The Briton at the centre of the new cases is now in Britain and was not counted among the French tally, she told a press conference.

In addition to the five Britons who have tested positive for the virus, six other Britons staying in the same chalet in late January have been hospitalised for observation, the minister said.

Authorities in France and Singapore are trying to contact people who came into contact with the initially infected Briton, she said.

He was on a business trip and had stayed at a hotel for an event with 94 other foreigners, according to senior health official Jerome Salo­mon who attended the press briefing along with Buzyn.

Other “clusters” have been identified in Malaysia and South Korea around people who attended the same event, he said.

The UK authorities said they were aware of the latest development and were “contacting people who were in close contact with any of the cases that have been confirmed in the UK, to provide them with health advice”.

“We are working closely with the French authorities,” Public Health England said in a statement.

French local authorities said two schools where the British child, aged nine, had gone, would be closed next week to allow his contacts to be traced and investigated.

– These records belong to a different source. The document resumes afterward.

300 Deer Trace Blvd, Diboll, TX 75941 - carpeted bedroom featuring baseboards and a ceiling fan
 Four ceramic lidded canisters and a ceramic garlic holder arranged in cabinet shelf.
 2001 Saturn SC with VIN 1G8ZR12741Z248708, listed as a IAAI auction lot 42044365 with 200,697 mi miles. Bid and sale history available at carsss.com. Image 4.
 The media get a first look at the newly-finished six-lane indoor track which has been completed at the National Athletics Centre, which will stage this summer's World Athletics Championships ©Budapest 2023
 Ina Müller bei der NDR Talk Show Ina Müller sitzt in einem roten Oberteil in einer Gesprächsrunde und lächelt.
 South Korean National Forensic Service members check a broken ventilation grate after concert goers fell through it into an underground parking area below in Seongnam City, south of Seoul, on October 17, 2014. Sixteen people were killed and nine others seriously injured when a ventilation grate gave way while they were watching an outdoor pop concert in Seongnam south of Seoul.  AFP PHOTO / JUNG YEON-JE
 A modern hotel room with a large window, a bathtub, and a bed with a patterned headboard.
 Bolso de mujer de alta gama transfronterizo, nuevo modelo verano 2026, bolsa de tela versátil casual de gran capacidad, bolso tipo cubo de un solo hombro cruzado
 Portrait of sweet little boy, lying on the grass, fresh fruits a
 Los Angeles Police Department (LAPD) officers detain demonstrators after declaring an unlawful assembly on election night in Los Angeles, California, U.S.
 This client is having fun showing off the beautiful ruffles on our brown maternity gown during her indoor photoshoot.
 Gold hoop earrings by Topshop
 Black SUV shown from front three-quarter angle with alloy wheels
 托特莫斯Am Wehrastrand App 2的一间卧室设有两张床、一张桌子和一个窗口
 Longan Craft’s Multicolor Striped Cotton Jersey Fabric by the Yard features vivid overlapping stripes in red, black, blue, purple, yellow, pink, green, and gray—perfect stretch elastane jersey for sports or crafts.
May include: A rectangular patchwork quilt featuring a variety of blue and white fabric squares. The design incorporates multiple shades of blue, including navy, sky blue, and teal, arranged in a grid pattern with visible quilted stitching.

Parents of about 250 children in one school and some 100 in the other would be informed and questioned about their health, officials said. “We start from the principle that children who do not exhibit symptoms are not infected but they will be under observation during the incubation period,” said Anne-Marie Durand, head of the regional public health authority.

William Keevil, professor of Environmental Health­care at the University of Southampton, noted how the latest case involving a child showed “that this virus is not limited to older, more vulnerable people and one infected person can cause a cluster of cases”.

Michael Head, senior res­earch fellow in global health at the university, added: “Sin­­­gapore is a major transport hub in southeast Asia; so going forward, we may find further international cases that have travelled through Singapore.